His overall conclusion is similarly low-key: “A profession is not just a way of making money; it’s a form of public trust. …Medicine has for many decades now been betraying this public trust.”
It is not a particularly surprising conclusion, and, in fact, there is relatively little in this book to surprise anyone familiar with the territory. Rather than new material, it provides a meticulously referenced compendium of all the relevant history and commentary (including, for full disclosure, excerpts from one of this reviewer’s columns in this newspaper).
Its breadth translates into a lack of depth in some areas, especially the final section, in which Dr. Brody tries to outline a feasible solution to the mess.

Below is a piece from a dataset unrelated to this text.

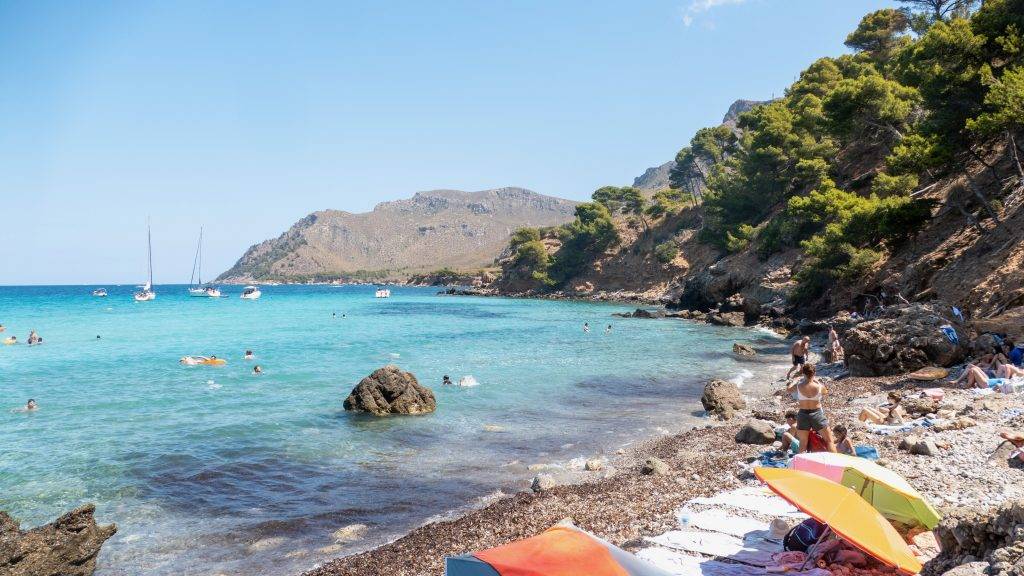 Cala na Clara Bucht Mallorca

His suggestions are cogent but a little skimpy, given that absent an act of God, it will probably take an act of Congress to pry medicine and industry apart someday, preferably as part of thoroughgoing health care reform.
Still, for a detailed overview of this very jagged terrain, if not for a map of the pathway out, a better general guide than this one is hard to imagine.
A book review in Science Times last Tuesday about “Hooked: How Medicine’s Dependence on the Pharmaceutical Industry Undermines Professional Ethics,” by Howard Brody, misstated part of the publisher’s name. It is Rowman & Littlefield, not Bowman.